Comcast negotiations provide new directions

Martha’s Vineyard Community Television (MVTV) recently held a series of public forums designed to request input from Island residents about Comcast, the Vineyard’s cable television provider as the six towns prepare to renew the existing contract (see related story).

New MVTV director Julienne Turner sees resource issues as a key part of her wish list for the MVTV of the future. “Our proposal will involve changing MVTV from a public TV access to a community media center which is very different from community access. We have to think about viewers of media rather than just the user of the media,” she said.

Beyond that, she said, “The idea is to embrace more digital and media literacy, a transformation of technology rather than TV only. We need to partner with nonprofits and community groups, it’s more about do-it-yourself TV. As a media center they (community groups) take a role in producing and covering events.”

Ms. Turner, formerly the director of cable access TV in Concord, New Hampshire, said digital illiteracy is a growing problem. “I’ve experienced, in this market and others, a growing gap in digital and media literacy, particularly between generations. Our role is to respond to that as media and technology continue to transform society,” she said

“We’re serving needs groups who don’t want to, or can’t, do the technical work. But we can set up a strong internship program, using high school students and unemployed people, pair them with groups to do the technical part. Have classes so people with ideas can flesh out their ideas and do planning.

“That takes a lot of time and money and we’ll determine the future based mostly on what we receive from Comcast,” she said.

Fred LaPiana, Tisbury public works director and CAB representative, has heard the anecdotal stories of Comcast service issues but he has a simpler wish list: more fiber-optic cable.

Comcast uses fiber-optic but lays coaxial cable rather than fiber-optic cable to link service from the street to homes, and coaxial cable cannot handle the growing array of services, such as high-speed internet. broadband and video streaming, he said. “Those (services) just suck up the space available on coaxial cable,” he added.

“We need to put pressure on Comcast to deliver some of this technology. The only other fiber-optic player on the Island at this point is GPCS Fiber in Vineyard Haven, which has laid $1 million in fiber optic cable here in order to deliver fiber-optic cable infrastructure from Fairhaven, MA. It’s a serious proposal. Comcast could be a customer. At the very least, (a fiber-optic provider) is going to offer some competition.”

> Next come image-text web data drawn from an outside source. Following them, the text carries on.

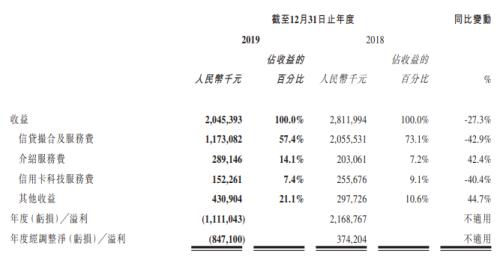 一年净亏8亿后，51信用卡今日开始靠还款手续费补血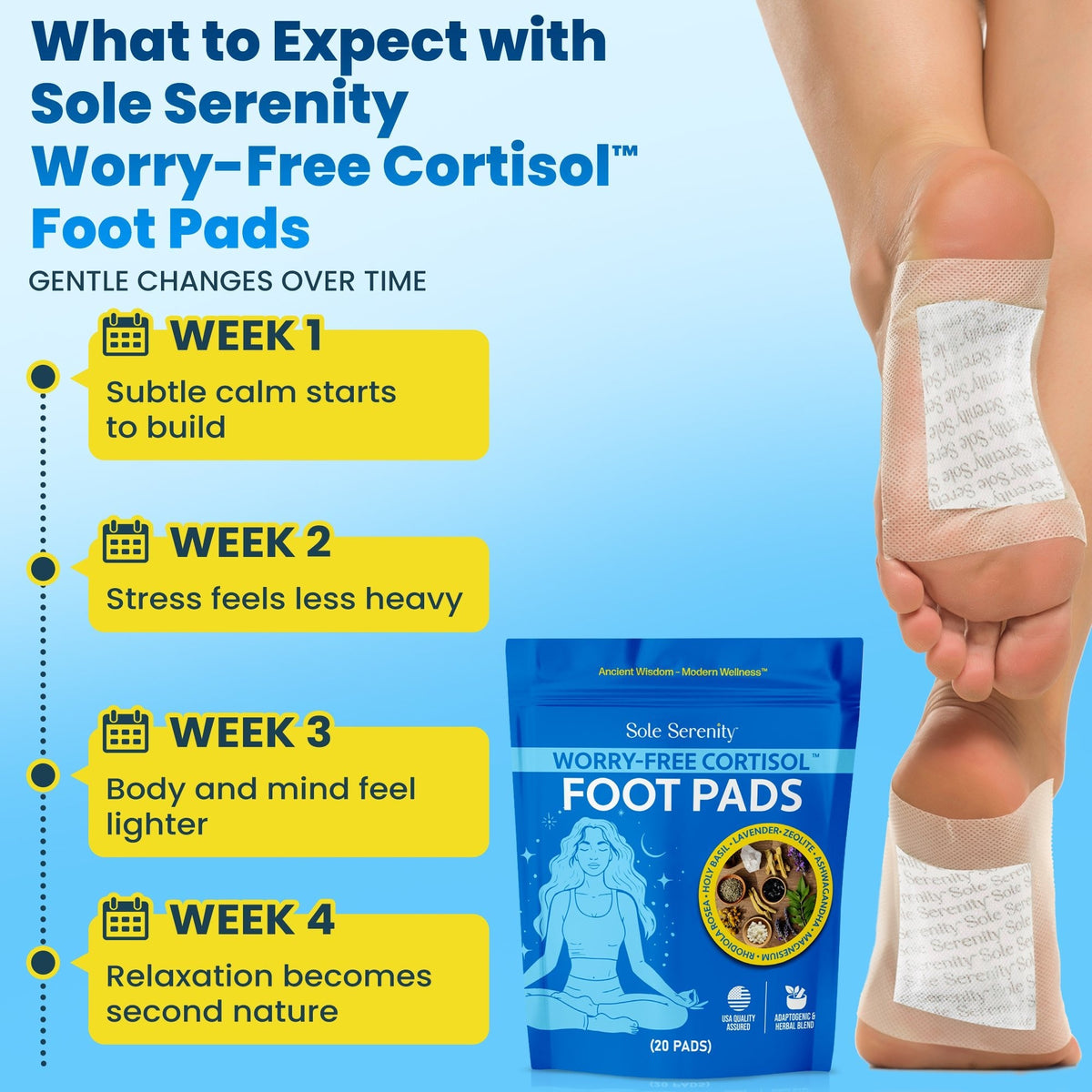 Neuropathy + Cortisol Detox Bundle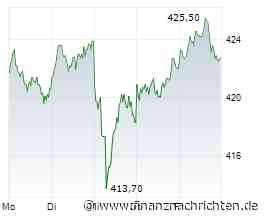 DAX - Ausblick auf die neue Handelswoche: Allianz - War es das bereits mit der Kursrallye?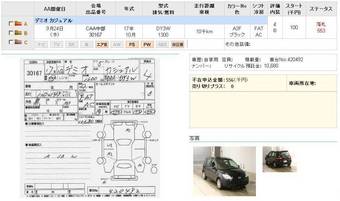 2005 Mazda Demio Pictures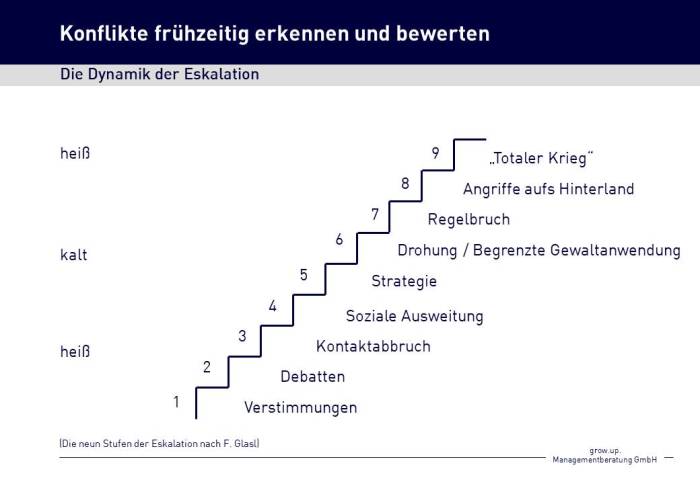 Mediation konfliktmanagement ursachen prozess miteinander aufgestellt perfekt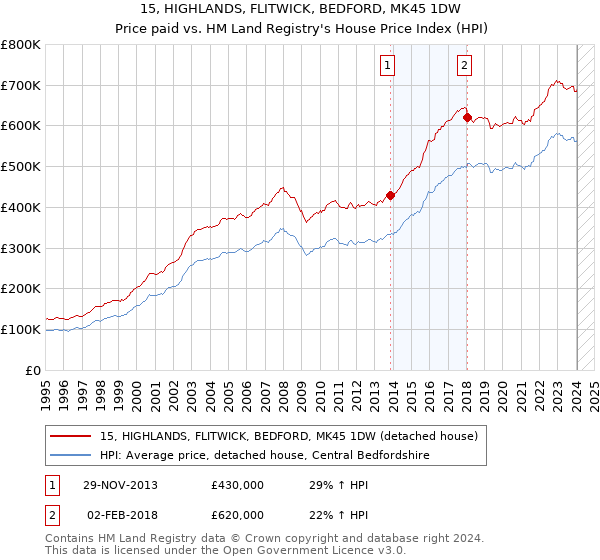 15, HIGHLANDS, FLITWICK, BEDFORD, MK45 1DW: Price paid vs HM Land Registry's House Price Index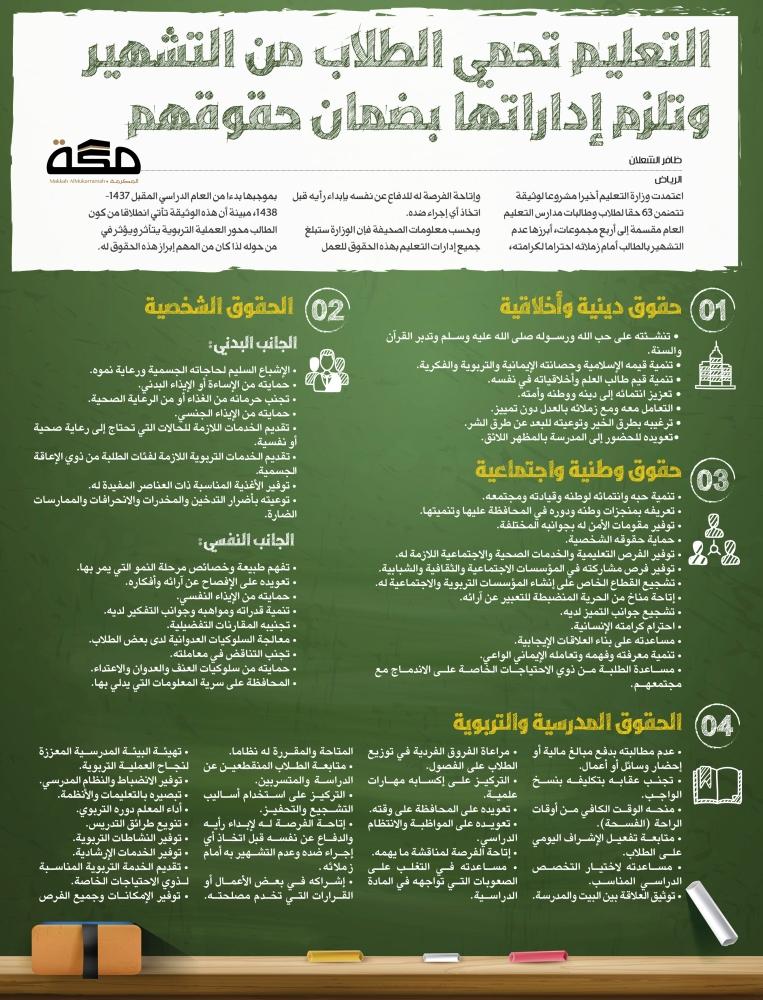 آثار القرار على حقوق الطلاب وتحقيق المساواة في التعليم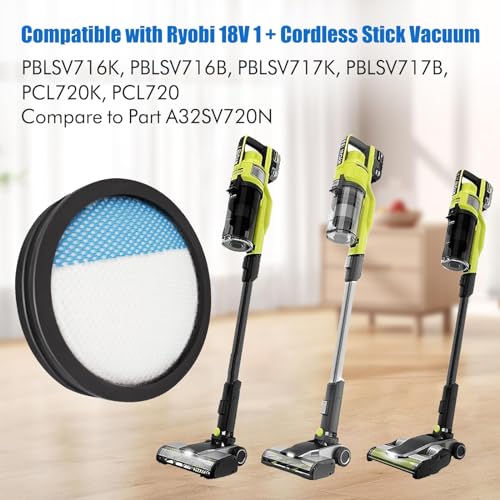 3 Pcs Washable Filter for Ryobi 18V ONE + PCL720, PBLSV716, PBLSV717 Vacuum
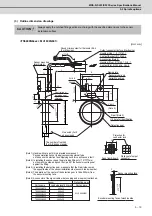 Preview for 130 page of Mitsubishi Electric MDS-D-SPJ3 Specification Manual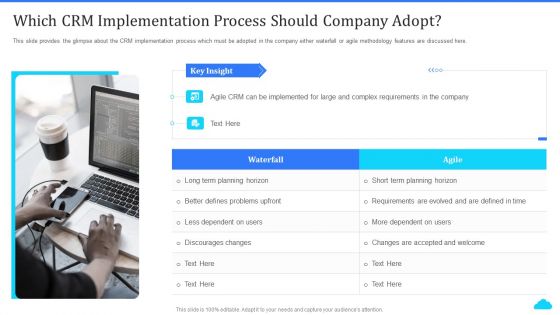 Cloud Based CRM Tools Which CRM Implementation Process Should Company Adopt Ppt Ideas Styles PDF Cloud Based CRM Tools Which CRM Implementation Process Should Company Adopt Ppt Ideas Styles PDF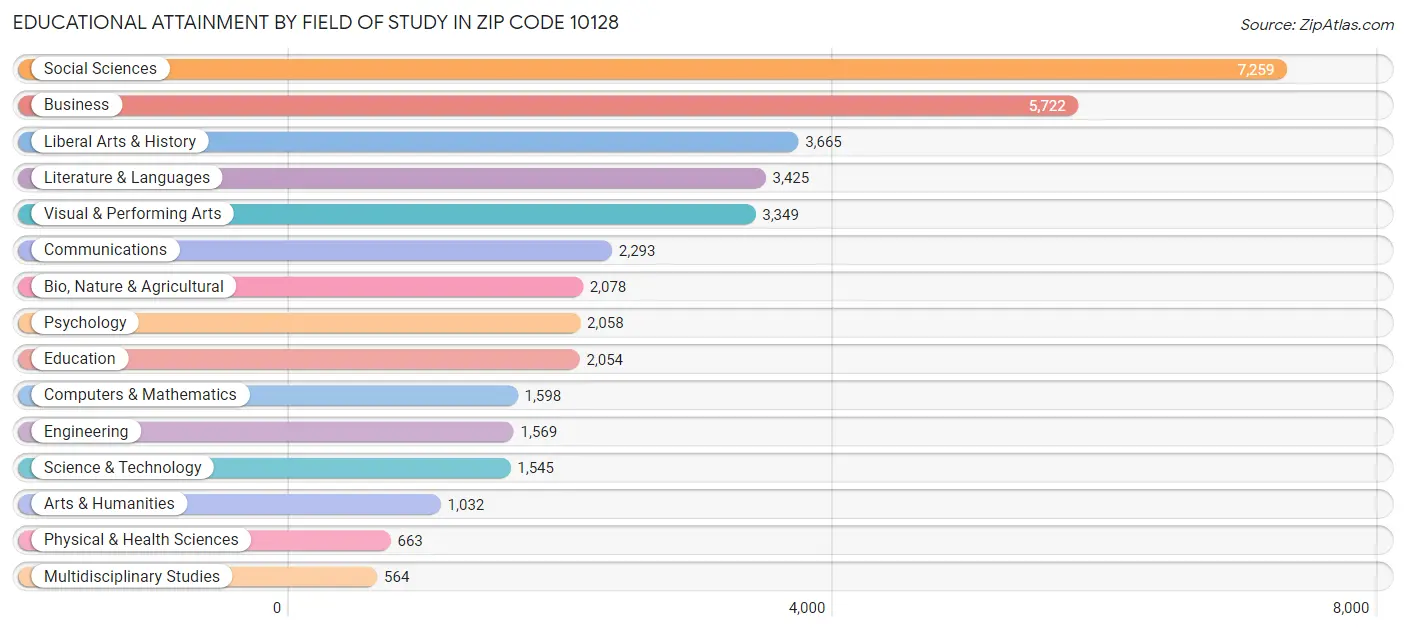 Educational Attainment by Field of Study in Zip Code 10128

Mr. LaPiana said another possible alternative is a fiber-optic link from Boston or Providence. “A group on the Cape has received $30 million in stimulus money to do the project, so that’s another possibility,” he said.

“Our link to the mainland link is tenuous at best. We’re hoping to have a good connection to the world. We can’t negotiate it (with Comcast), but we can discuss it,” he said.

Mr. LaPiana also said there has been discussion about a separate channel for his town. “The suggestion came up at one of our meetings in town. We are participating equally in the CAB negotiations, we’re on the team. But there’s also a thought that Tisbury, as other towns have their own individual needs, might have their own channel. It’s one of the services we might want to consider,” he said.